- PROBLEM DETAILS -
Whenever a line below includes the string "with", show it.

(Collection entries)

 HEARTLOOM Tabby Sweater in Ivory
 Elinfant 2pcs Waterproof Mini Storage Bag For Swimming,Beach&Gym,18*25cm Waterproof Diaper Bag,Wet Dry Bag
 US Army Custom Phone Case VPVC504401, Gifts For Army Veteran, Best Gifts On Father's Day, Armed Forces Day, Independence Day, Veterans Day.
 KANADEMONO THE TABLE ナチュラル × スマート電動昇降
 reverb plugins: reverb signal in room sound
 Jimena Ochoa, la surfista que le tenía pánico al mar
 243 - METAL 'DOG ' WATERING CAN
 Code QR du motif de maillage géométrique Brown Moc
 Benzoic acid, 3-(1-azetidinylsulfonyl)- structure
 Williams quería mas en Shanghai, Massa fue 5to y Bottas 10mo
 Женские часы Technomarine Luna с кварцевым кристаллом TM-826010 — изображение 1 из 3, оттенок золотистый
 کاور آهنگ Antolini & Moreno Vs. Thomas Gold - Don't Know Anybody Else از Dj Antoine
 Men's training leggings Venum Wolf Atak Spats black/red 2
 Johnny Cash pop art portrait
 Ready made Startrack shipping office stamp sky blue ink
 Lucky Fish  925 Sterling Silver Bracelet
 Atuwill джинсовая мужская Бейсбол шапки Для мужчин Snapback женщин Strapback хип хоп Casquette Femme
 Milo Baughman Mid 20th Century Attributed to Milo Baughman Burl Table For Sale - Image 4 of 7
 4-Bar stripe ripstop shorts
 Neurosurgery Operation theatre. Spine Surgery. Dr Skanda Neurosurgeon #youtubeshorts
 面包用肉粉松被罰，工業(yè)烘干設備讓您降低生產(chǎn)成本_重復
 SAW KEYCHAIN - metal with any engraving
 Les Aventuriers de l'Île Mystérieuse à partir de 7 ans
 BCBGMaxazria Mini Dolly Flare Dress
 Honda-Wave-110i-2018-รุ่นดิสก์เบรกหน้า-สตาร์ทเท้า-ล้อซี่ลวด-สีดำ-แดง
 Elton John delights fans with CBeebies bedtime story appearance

- ANSWER TO THIS EXERCISE -
 SAW KEYCHAIN - metal with any engraving
 Elton John delights fans with CBeebies bedtime story appearance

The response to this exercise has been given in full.